Cursus trop similaires, manque d'ouverture internationale, préoccupation parfois insuffisante de l'insertion professionnelle des étudiants... L'Aeres (Agence d'évaluation de la recherche et de l'enseignement supérieur) a identifié les axes de progrès dans lesquels doivent s'engager les écoles d'art du ministère de la Culture. Revue de détail.

Peut mieux faire. C’est le constat fait par l’Aeres (Agence d’évaluation de la recherche et de l’enseignement supérieur) qui publie les rapports d’évaluation de huit établissements artistiques sous tutelle du ministère de la Culture. Il s’agit de l’École d’art de Paris-Cergy, de Dunkerque-Tourcoing, de l’École nationale supérieure des arts décoratifs à Paris, des Beaux-Arts de Paris, Montpellier, Nîmes, Perpignan et Valenciennes. Cinq axes de progrès ont été demandés par l’agence, alors que certains de ces établissements ont traversé une zone de turbulences ces derniers mois (voir encadré).

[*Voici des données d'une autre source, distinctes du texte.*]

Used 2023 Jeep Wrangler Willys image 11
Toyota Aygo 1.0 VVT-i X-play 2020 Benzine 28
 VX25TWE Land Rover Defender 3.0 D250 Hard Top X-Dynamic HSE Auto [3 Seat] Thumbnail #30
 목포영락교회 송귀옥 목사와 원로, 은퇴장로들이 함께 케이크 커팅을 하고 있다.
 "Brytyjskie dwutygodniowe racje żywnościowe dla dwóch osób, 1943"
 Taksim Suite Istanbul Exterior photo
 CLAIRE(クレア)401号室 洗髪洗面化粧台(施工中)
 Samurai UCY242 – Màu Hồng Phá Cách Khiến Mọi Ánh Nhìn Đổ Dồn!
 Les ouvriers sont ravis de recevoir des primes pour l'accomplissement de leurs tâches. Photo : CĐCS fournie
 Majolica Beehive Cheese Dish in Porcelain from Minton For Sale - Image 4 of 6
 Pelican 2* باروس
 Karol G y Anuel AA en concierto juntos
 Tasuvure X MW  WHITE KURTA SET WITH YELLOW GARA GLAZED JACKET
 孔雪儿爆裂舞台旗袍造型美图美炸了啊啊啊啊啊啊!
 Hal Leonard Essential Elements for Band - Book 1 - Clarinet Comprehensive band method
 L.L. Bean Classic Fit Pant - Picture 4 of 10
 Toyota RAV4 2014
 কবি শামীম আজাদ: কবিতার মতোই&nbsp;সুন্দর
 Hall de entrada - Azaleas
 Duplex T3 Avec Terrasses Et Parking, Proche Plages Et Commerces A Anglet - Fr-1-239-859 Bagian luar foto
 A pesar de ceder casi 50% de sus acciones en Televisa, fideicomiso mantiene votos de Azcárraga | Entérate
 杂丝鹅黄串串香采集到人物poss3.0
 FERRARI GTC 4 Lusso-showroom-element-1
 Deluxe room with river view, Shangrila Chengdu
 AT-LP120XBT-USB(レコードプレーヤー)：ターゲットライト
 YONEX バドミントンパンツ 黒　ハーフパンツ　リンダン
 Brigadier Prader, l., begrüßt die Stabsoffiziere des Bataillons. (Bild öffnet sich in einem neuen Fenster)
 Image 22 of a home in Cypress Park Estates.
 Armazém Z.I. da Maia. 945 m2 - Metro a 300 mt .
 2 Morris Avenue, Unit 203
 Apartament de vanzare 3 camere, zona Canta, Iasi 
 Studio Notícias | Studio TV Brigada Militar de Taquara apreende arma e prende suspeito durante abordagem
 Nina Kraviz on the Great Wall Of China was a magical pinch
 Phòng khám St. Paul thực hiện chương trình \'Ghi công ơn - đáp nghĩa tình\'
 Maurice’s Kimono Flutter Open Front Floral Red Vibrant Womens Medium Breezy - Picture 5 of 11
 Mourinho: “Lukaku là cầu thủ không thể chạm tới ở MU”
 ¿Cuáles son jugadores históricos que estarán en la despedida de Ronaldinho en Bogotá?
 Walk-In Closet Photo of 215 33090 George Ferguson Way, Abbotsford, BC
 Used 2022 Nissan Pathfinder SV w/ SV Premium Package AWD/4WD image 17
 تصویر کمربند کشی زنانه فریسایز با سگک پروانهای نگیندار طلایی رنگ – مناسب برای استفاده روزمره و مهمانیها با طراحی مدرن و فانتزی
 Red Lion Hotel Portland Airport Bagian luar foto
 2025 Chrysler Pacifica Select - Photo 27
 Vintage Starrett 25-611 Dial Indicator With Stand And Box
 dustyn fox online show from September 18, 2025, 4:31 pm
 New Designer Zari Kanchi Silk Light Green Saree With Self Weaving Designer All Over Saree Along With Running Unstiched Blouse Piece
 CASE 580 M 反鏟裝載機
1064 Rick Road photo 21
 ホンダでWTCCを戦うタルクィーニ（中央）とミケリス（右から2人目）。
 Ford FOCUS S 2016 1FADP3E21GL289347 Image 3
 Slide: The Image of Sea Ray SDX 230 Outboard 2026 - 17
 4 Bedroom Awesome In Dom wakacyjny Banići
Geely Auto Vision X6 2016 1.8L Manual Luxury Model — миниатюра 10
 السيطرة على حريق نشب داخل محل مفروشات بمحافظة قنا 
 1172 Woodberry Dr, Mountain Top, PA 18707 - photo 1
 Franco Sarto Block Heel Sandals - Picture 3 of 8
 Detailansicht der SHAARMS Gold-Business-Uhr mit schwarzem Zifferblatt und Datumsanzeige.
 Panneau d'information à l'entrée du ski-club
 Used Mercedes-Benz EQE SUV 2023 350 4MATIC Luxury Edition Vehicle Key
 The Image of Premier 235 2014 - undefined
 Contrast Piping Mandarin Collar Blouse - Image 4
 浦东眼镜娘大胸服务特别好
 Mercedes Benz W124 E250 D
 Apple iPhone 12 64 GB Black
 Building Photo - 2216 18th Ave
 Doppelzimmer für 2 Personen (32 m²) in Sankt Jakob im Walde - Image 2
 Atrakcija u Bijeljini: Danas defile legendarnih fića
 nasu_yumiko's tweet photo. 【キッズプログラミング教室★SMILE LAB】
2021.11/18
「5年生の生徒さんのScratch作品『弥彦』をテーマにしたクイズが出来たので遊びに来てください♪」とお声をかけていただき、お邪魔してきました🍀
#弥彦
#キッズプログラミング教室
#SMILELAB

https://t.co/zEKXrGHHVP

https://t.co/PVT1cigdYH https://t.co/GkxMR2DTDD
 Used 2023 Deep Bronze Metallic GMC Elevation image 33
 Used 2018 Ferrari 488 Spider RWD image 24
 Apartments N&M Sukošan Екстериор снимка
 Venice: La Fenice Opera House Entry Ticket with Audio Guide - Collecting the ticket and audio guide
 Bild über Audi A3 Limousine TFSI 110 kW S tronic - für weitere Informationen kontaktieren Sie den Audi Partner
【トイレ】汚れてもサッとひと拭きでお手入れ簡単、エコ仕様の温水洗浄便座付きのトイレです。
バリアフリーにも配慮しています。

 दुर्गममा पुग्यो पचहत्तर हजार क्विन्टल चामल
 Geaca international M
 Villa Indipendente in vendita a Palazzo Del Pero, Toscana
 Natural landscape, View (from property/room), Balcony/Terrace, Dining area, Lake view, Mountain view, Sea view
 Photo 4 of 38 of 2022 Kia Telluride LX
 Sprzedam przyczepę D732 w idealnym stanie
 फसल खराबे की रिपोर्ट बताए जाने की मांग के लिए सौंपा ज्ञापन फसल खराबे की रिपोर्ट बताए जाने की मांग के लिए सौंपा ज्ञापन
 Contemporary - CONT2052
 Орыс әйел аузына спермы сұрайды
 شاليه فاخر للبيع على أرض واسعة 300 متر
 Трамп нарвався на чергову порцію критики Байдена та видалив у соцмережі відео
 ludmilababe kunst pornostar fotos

 1. demander l’avis des étudiants

Étant les premiers concernés, il serait judicieux de demander l’avis des étudiants mais aussi des anciens sur ce qu’ils pensent de l’enseignement, estime l'Aeres. L’Agence préconise qu’une méthodologie rigoureuse soit mise au point. À l’Ensad (École nationale supérieure des arts décoratifs) de Paris, par exemple, l’évaluation des enseignements est effectuée par les étudiants élus, mais "les diplômés ne semblent pas impliqués dans cette démarche", souligne le rapport.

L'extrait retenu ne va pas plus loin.